*** Block opens ***

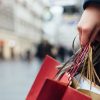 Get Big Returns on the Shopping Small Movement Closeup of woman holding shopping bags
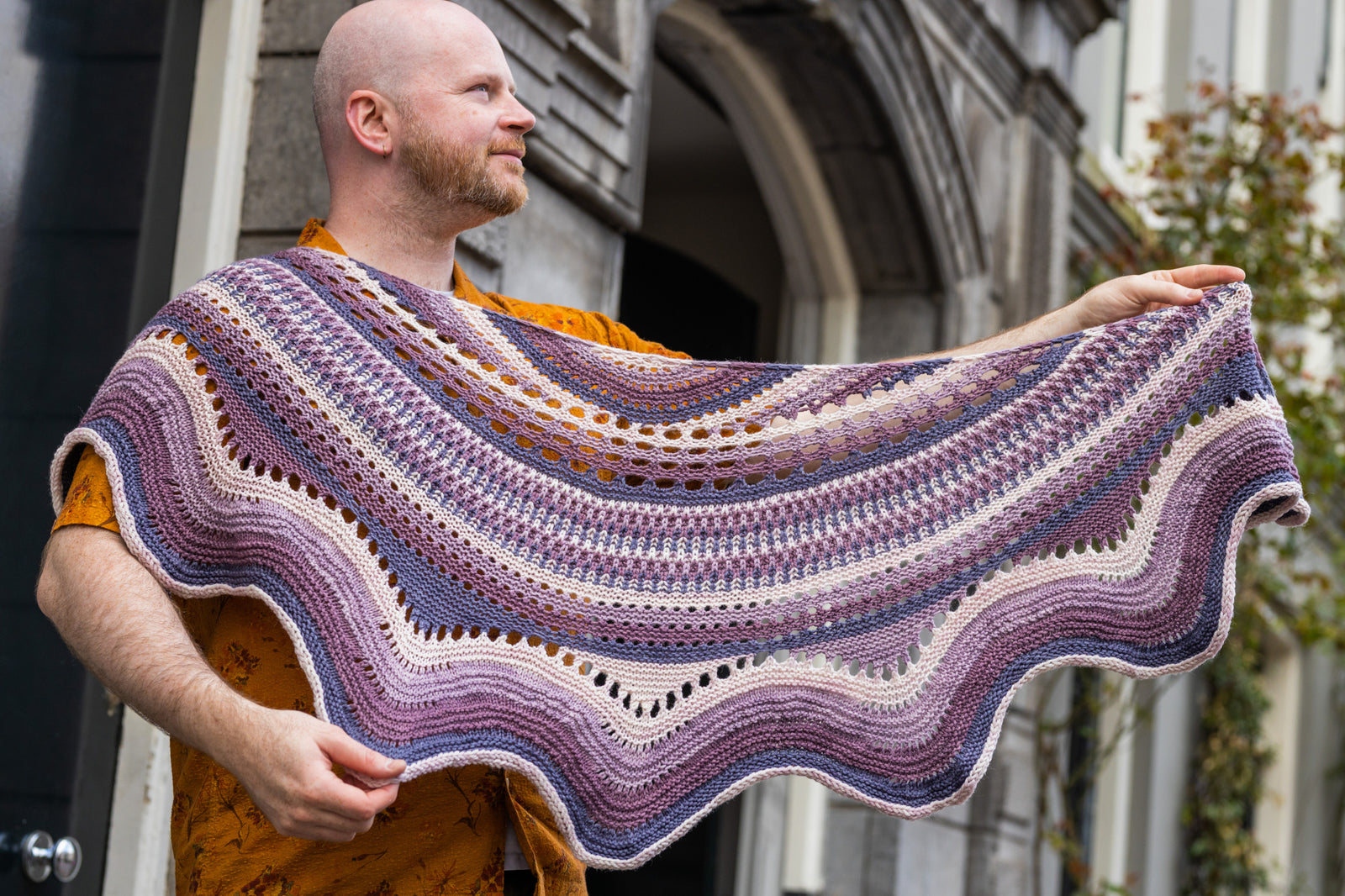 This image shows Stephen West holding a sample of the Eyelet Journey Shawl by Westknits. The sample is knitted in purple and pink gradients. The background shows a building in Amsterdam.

*** Block closes ***
*** Block opens ***

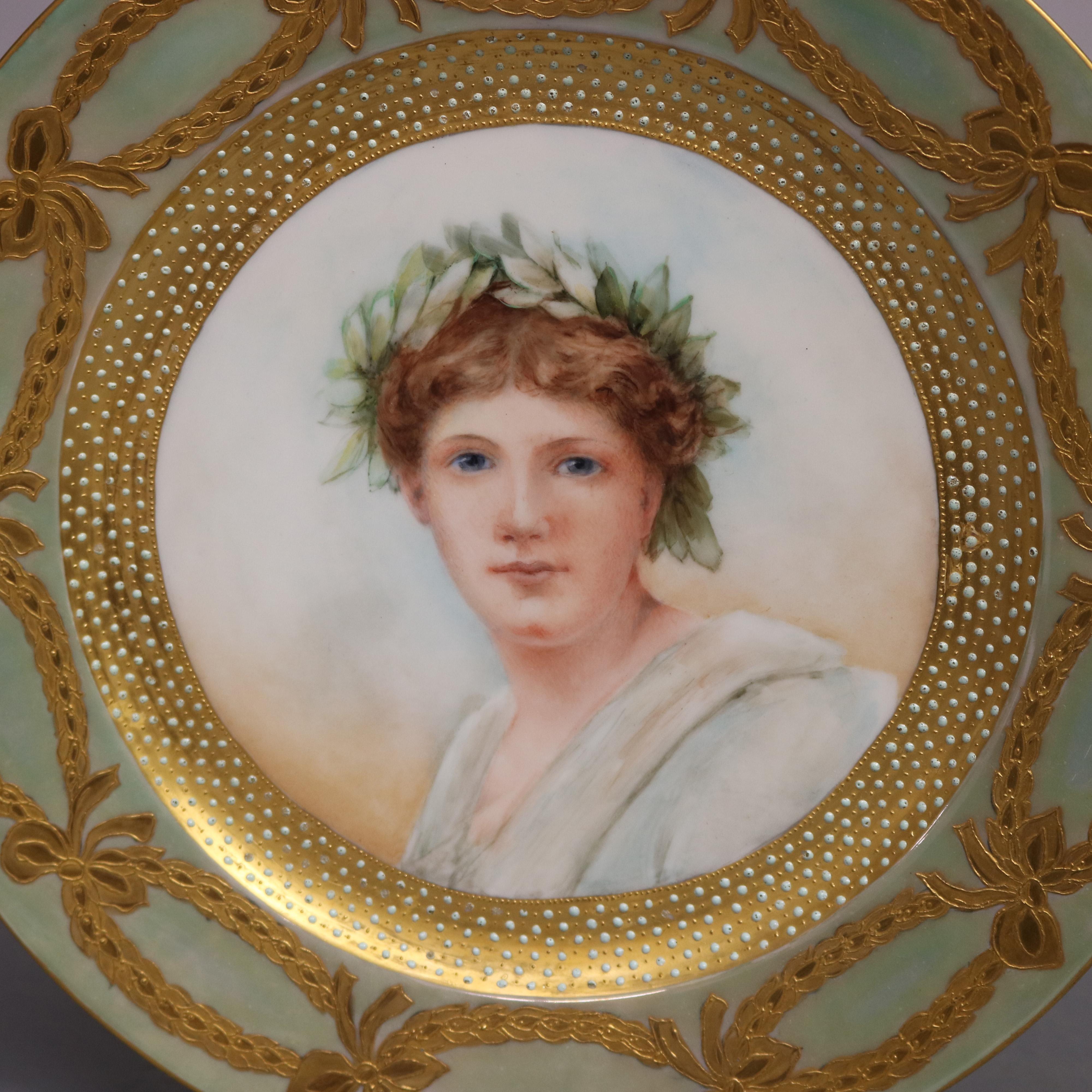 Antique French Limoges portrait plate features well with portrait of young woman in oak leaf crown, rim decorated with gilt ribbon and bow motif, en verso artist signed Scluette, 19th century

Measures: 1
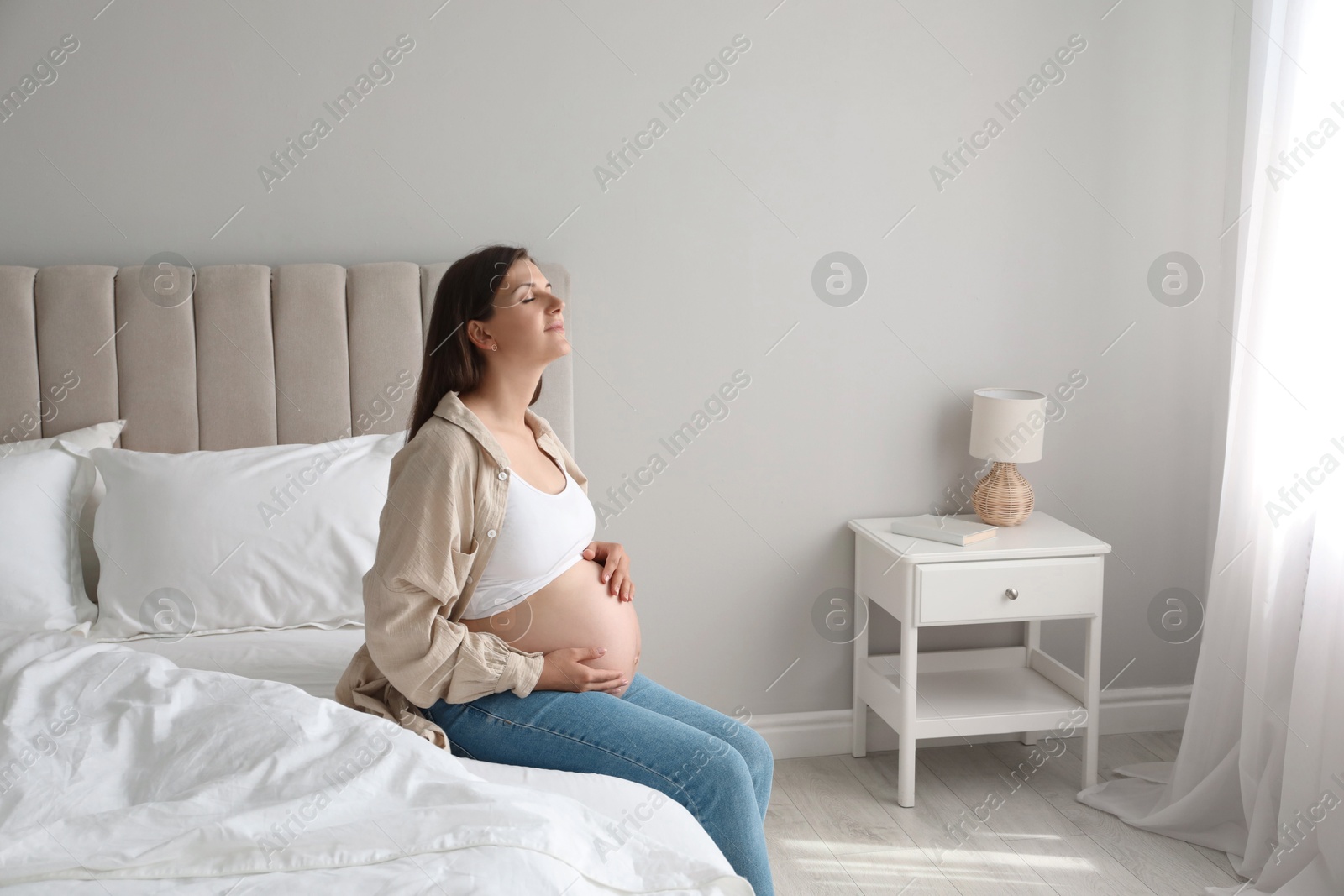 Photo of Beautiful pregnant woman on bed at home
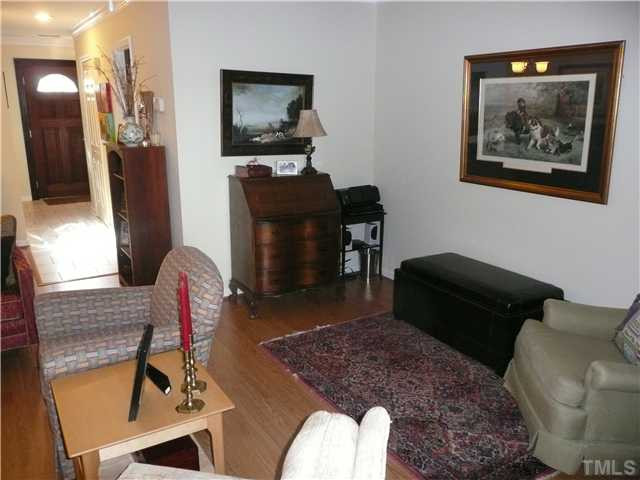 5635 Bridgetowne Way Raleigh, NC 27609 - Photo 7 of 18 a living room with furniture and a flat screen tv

*** Block closes ***

Among the records above, locate the line containing "Photo of Beautiful" and the line containing "5635 Bridgetowne Way", then transcribe exactly the lines starting at the first and ending at the second, with no pictures.

# RESULT FOR THIS EXERCISE
 Photo of Beautiful pregnant woman on bed at home
 5635 Bridgetowne Way Raleigh, NC 27609 - Photo 7 of 18 a living room with furniture and a flat screen tv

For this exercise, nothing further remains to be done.